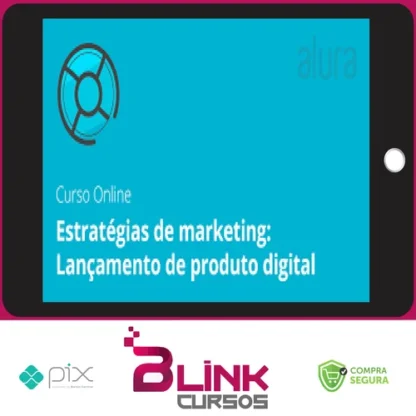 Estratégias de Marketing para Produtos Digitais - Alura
--
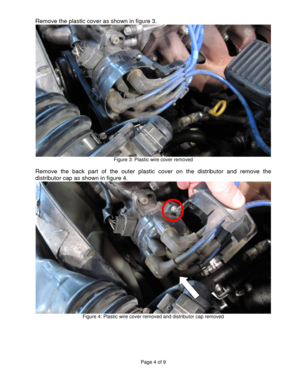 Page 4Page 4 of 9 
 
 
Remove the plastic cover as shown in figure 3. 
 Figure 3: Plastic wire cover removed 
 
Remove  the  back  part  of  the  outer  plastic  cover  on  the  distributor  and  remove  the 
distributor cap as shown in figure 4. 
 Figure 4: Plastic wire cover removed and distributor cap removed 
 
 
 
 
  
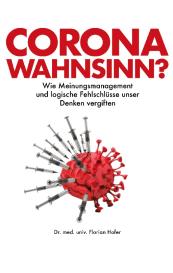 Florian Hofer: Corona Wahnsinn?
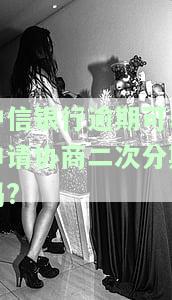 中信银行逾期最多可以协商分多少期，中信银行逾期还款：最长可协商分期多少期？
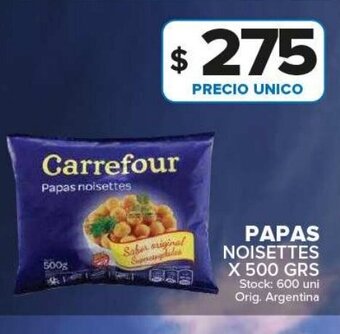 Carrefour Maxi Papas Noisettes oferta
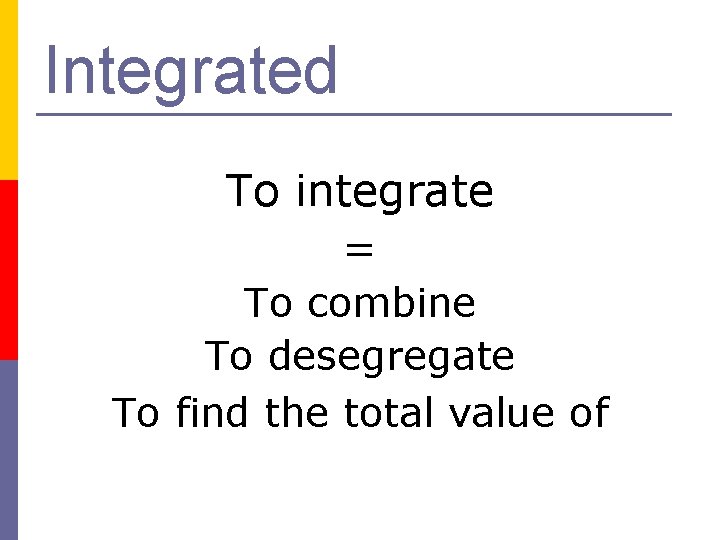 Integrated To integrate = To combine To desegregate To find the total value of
* * *
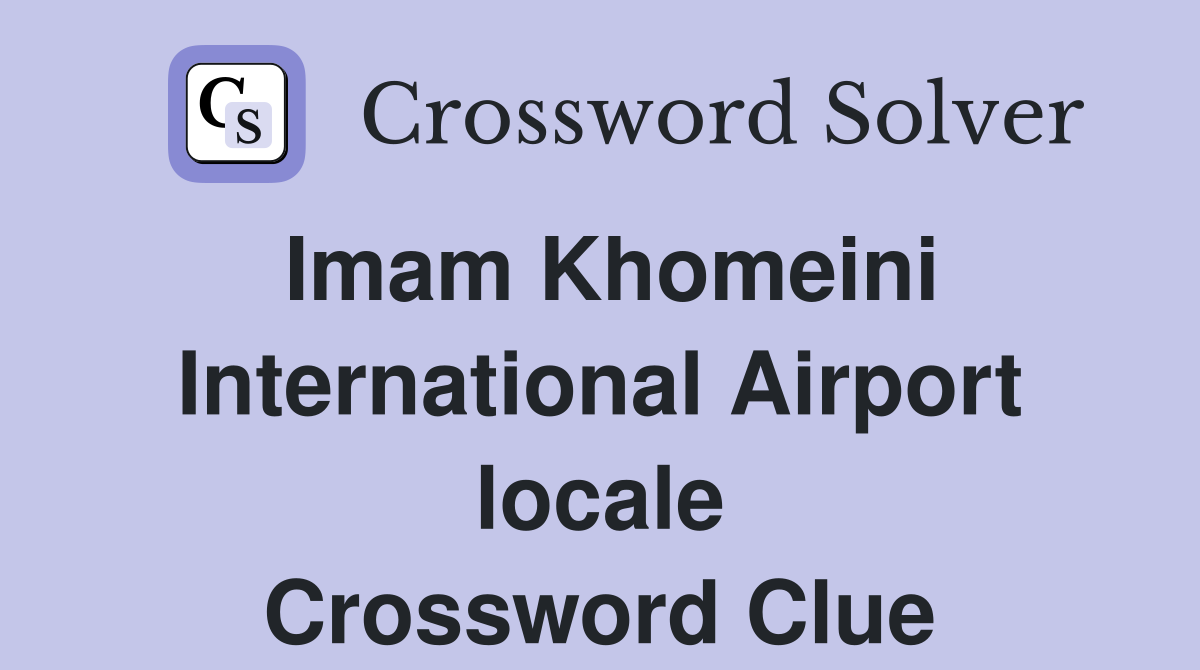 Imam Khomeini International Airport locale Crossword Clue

Exercise prompt
Every line from the one with "Figure 3: Plastic wire cover removed" through the one with "Integrated To integrate" is to be reproduced exactly as written above, and the pictures are to be dropped.

Your solution
 Figure 3: Plastic wire cover removed 
 
Remove  the  back  part  of  the  outer  plastic  cover  on  the  distributor  and  remove  the 
distributor cap as shown in figure 4. 
 Figure 4: Plastic wire cover removed and distributor cap removed 
 
 
 
 
  
 Florian Hofer: Corona Wahnsinn?
 中信银行逾期最多可以协商分多少期，中信银行逾期还款：最长可协商分期多少期？
 Carrefour Maxi Papas Noisettes oferta
 Integrated To integrate = To combine To desegregate To find the total value of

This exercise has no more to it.